Lo que yo, desde aquí, vivo es algo muy parecido al caos que nos muestra la prensa extranjera, a la que le encanta ser alarmista, y ver a España casi como si regresásemos a 1934, treinta y ocho años se cumplen este viernes de aquello del general Batet. Y no, no nos lo podemos permitir. Ni aquellas divisiones políticas entre los constitucionalistas, ni otra huelga como la de los sindicatos de entonces, ni Esquerra en el plan en el que estuvo en la época, ni a un Puigdemont que, en el fondo, en cuanto a grandeza, no le llega a las sandalias ni al fanático Companys.
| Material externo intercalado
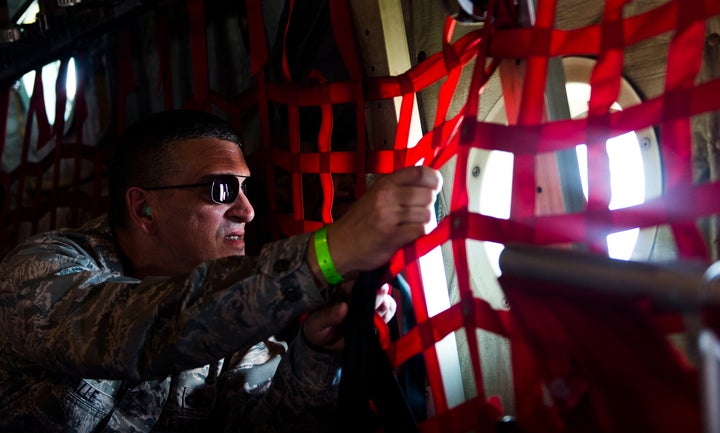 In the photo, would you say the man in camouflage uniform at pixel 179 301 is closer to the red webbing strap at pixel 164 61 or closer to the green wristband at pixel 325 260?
the green wristband at pixel 325 260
Bueno, es hora de arremolinarse, críticamente, y estar con Rajoy, que es a quien las urnas -las buenas- le dieron el timón. Lo que no sé del todo es si Rajoy está al cien por cien con nosotros, o anda perdido en alguna bruma, británica más que galaica. Su primera reacción en la noche del domingo me recordó demasiado a la que le escuché tras el 9 de noviembre de 2014, cuando se congratulaba de que ‘solamente’ dos millones trescientos mil catalanes hubiesen acudido a aquella votación también ilegal. No, no es momento de diagnósticos, menos de ensimismarse en una realidad propia que no coincide con la que otros percibimos: quiero saber varias cosas, como si vamos a aplicar el artículo 155, si va a disolver o no -será que no, ya verán- las cámaras, si va a co-gobernar con Sánchez y Rivera, dejando a Iglesias en su trapecio y a Puigdemont frente a veinte millones, al menos, de votos españoles. Hay que cambiar muchas cosas, urgentemente. Hay tiempo, pero no hay tiempo que perder. Siempre recuerdo que, al fin y al cabo, el mejor Adolfo Suárez fue capaz de dar la vuelta al Estado como a un calcetín en once meses. Pero, claro, Suárez ¿dónde te nos has ido? O también ¿dónde está nuestro Macron?